ビットコインのタップルート(Taproot)とは 実装によって何が変わるのか解説
ビットコイン(BTC)の大型アップデートであるソフトフォークとしては、SegWit以来となる「タップルート(Taproot)」。ビットコインにおけるプライバシーの向上やスケーラビリティの改善によって、スマートコントラクト機能の拡張やマルチシグ利用での手数料削減など、より実用性が高まることが期待されています。

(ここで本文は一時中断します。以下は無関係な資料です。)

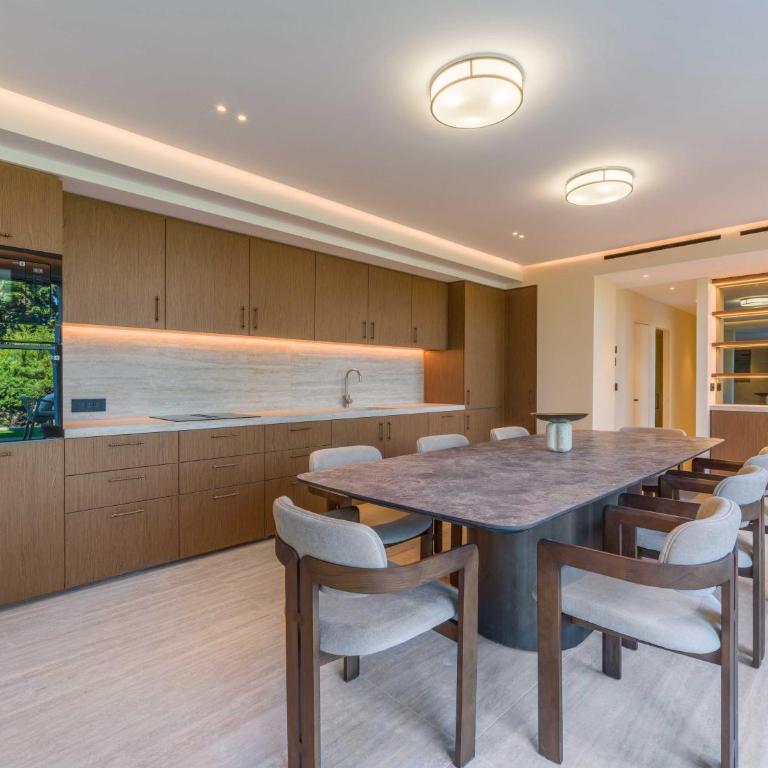 High-End Apartment with Spacious Terrace - Appartement - 6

本記事では、そもそもタップルートとは何なのか、ビットコインにどのような影響が出るのかについて解説します。
ビットコインの課題
ビットコインの課題として度々上がるのが、ビットコインは「投資資産」であり、アルトコインなどに比べても投資目的以外の将来性やユースケースが乏しいという声です。さらに投資資産として人気が高まるにつれて、送付するにも手数料の高騰や送付遅延、いわゆるスケーラビリティ問題が指摘されてきました。
現在の暗号資産(仮想通貨)業界で話題となっている分散型金融(DeFi)や分散型アプリ(DApps)など、投資目的以外のユースケースは、取引を自動で処理できるプログラムである「スマートコントラクト」によって実現されているものが多くあります。

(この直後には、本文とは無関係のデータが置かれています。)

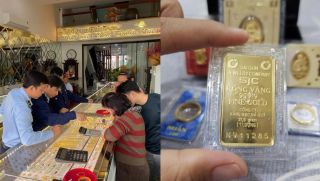 Giá vàng chốt phiên 25/12 đảo chiều sau khi lập đỉnh, SJC neo cao, vàng thế giới bất ngờ hạ nhiệt vì chốt lời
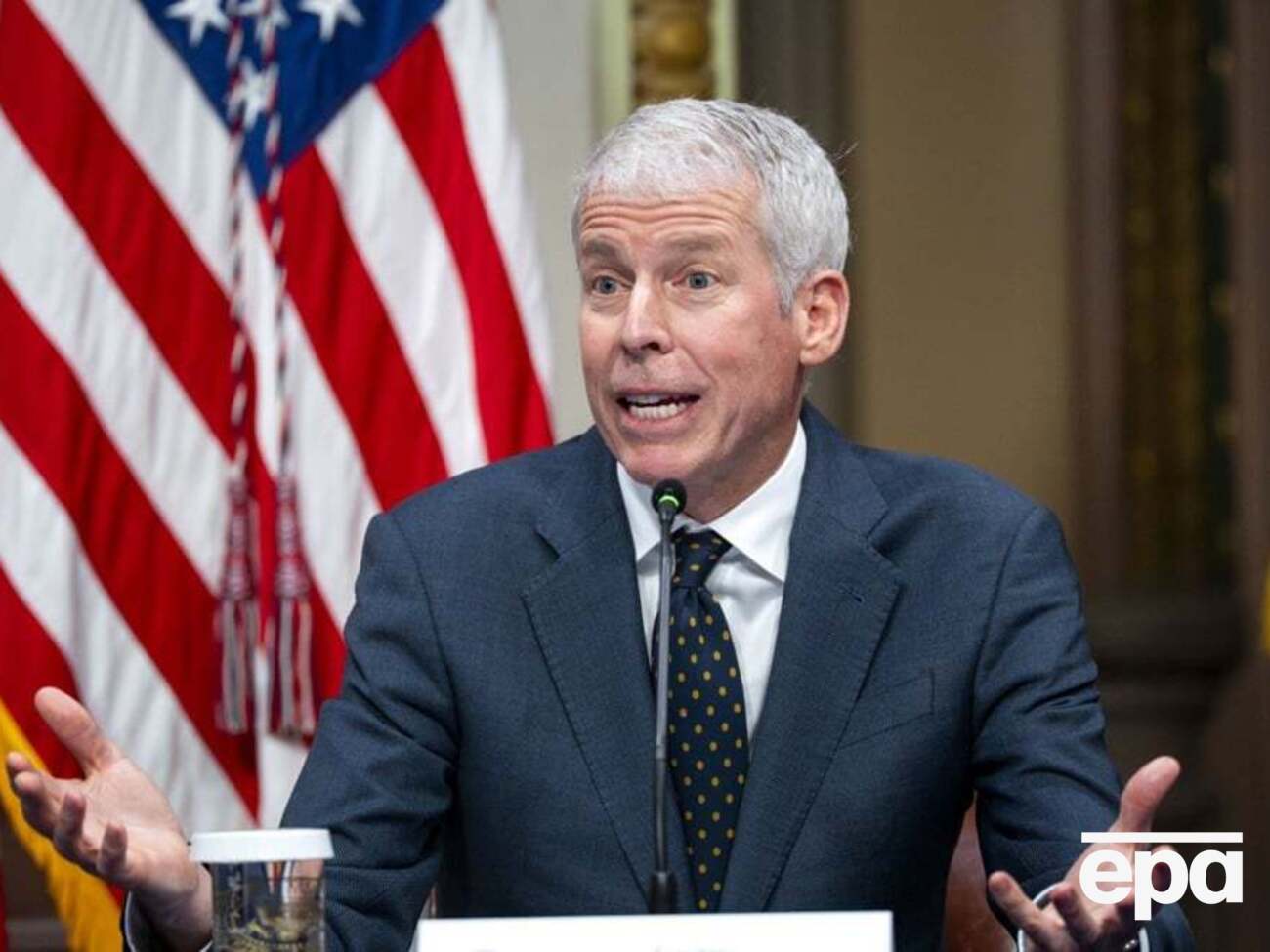 Бензин не подешевеет еще несколько месяцев, уверен Райт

スマートコントラクトはノンファンジブルトークンの発行やDAppsなどを制作するための技術としてイーサリアム(ETH)に実装されていることで有名ですが、ビットコインでも実装することは以前から可能でした。しかし、取引時に送付条件をすべて開示する必要があったことでプライバシーの観点から問題視されていたり、情報量が多いことでデータ容量も肥大化したりと、スマートコントラクトを実装するには多くの課題がありました。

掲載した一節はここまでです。